Youmna Khallaf

Personal information
- Birth name: Youmna Amru Nagib Khallaf
- Nationality: Egyptian
- Born: 8 November 1991 (age 33) Giza, Egypt
- Height: 1.65 m (5 ft 5 in)
- Weight: 51 kg (112 lb)

Sport
- Country: Egypt
- Sport: Synchronized swimming
- Event: Team
- Club: Shooting Club

= Youmna Khallaf =

Egyptian synchronized swimmer

Youmna Amru Nagib Khallaf (born 8 November 1991 in Giza, Egypt) is an Egyptian competitor of synchronized swimming. A member of Egypt's National Team, she represented the nation at the 2008 and 2012 Summer Olympics.

==Personal life==
Khallaf was born in Giza, Egypt.

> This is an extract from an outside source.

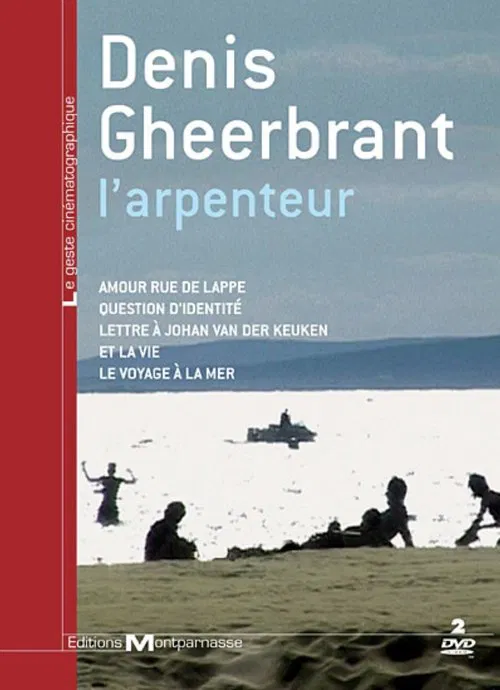 Amour rue de Lappe movie poster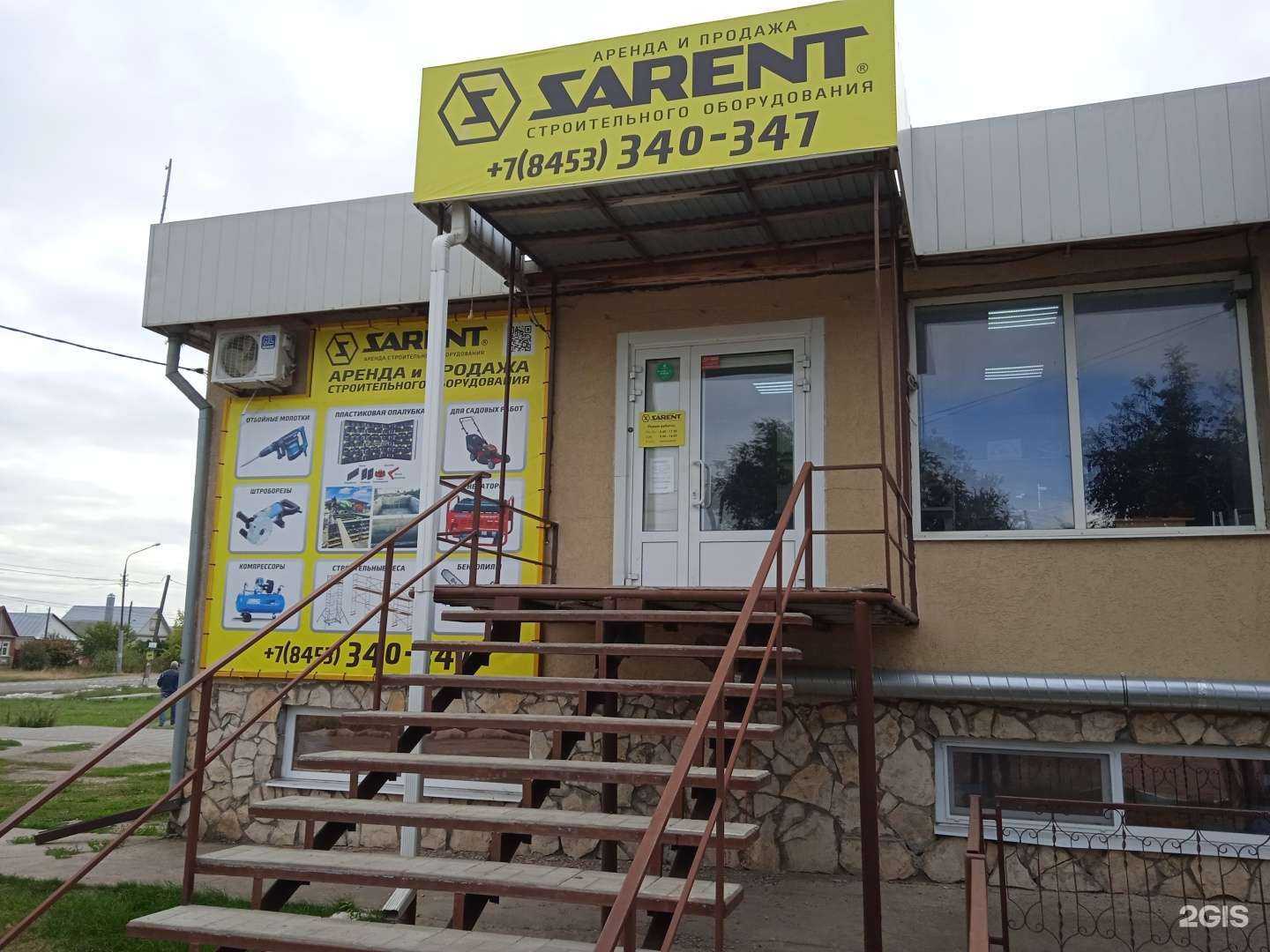 Отзывы на компанию Сарент в Энгельсе c фото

As of 2012, Khallaf is 1.65 m tall and weighs 51 kg.

==Synchronised Swimming==

An elite competitor for Egypt in the discipline of synchronised swimming, Khallaf, a dual Olympian, placed in eighth at the 2008 Summer Olympics of Beijing, and seventh at the subsequent London 2012 Summer Olympics, wherein both positions were achieved in the Women's Team events held at each Games.

Further international placings were achieved at the 2011 and 2013 FINA World Championships; at the former, held in Shanghai, Khallaf's team achieved standings of seventeenth in Technical and fifteenth in Free Team events, and at the latter of Barcelona, fourteenth place within both Free and Technical Team competitions.